Harrop: H-1B visas filling need for workers that isn’t there

What they are doing is helping the tech industry replace U.S. workers with cheaper foreign labor.

By Froma Harrop

Syndicated columnist

Americans don’t usually think of technical professionals as “guest workers,” yet at any one time, there are more than a half-million foreigners holding tech jobs in the U.S. They are here thanks to the H-1B visa program. H-1B, so the official spiel goes, addresses an alleged shortage of “highly skilled” Americans to fill jobs “requiring specialized knowledge.”

Growing evidence, however, points to companies’ using the program to replace perfectly qualified American workers with cheaper ones from elsewhere. A new report published by the Atlantic Council documents the abuses. The authors are Ron Hira, a political scientist at Howard University, and Bharath Gopalaswamy, director of the Atlantic Council’s South Asia Center.

Among their criticisms:

• Virtually any white-collar job can be taken by an H-1B visa holder. About 70 percent of them are held not by what we consider tech workers but by teachers, accountants and salespeople, among others.

(Denver Public Schools employs teachers on H-1B visas. During a strike, the district actually threatened to report participating foreigners to immigration authorities. It later apologized.)

“By every objective measure,” Hira and Gopalaswamy write, “most H-1B workers have no more than ordinary skills, skills that are abundantly available in the U.S. labor market.”

U.S. colleges graduate 50 percent more students in engineering and in computer and information science than are hired in those fields every year, according to a study by the Economic Policy Institute.

• Employers don’t have to show they have a labor shortage to apply. They don’t even have to try recruiting an American to fill the job.

Cutting labor costs is clearly the paramount “need.” In Silicon Valley, computer systems analysts make on average just over $116,000 a year. But companies can hire H-1B workers at a lower skill level, paying them only about $77,000 a year to do the same work, the report says.

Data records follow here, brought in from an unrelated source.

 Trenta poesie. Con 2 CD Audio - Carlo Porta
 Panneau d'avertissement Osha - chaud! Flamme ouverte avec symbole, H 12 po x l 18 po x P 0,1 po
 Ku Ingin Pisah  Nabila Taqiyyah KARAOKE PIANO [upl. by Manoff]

And it’s not unheard-of for companies to ask American workers to train the H-1B workers taking their jobs. “60 Minutes” featured Robert Harrison, a senior telecom engineer at the University of California, San Francisco Medical Center. Asked whether training his replacement felt like digging his own grave, Harrison responded:

“It feels worse than that. It feels like not only am I digging the grave but I’m getting ready to stab myself in the gut and fall into the grave.”

Why does this program continue without serious reform? Mainly because its big boosters include such marquee tech names as Bill Gates, Mark Zuckerberg, Michael Bloomberg and Eric Schmidt. Big Tech has showered think tanks with funding to brainwash Americans into believing that their country is starving for tech expertise.

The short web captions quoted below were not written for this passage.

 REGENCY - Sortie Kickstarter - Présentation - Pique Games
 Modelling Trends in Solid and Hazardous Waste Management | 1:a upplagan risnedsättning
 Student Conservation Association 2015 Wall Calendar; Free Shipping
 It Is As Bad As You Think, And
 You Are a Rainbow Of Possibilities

Are there rare tech skills that justify companies’ looking abroad? There are, but that’s the purpose of the O-1 visa. About 10,000 are granted each year to individuals with “extraordinary ability or achievement.”

I asked Hira whether we need H-1B at all.

“I think there’s a place for the H-1B program,” he responded. “The O-1 is a cumbersome process that requires a lot of paperwork, both in preparation and review. But we need to raise the standards of the H-1B program so that the quality and skills of the workers are much higher.”

Also, we should substantially raise the wages paid to H-1B workers and make employers show that they tried to recruit Americans and offered them positions. Other guest-worker and green-card programs have that requirement.

Finally, put in force an effective means of enforcement. Right now, compliance is driven by whistleblowing. A random auditing system would far more efficiently find abuses.

Apparently, the argument that “tech jobs need filling” has, in many cases, oozed to “we want cheaper foreigners.” The H-1B program demands a major overhaul.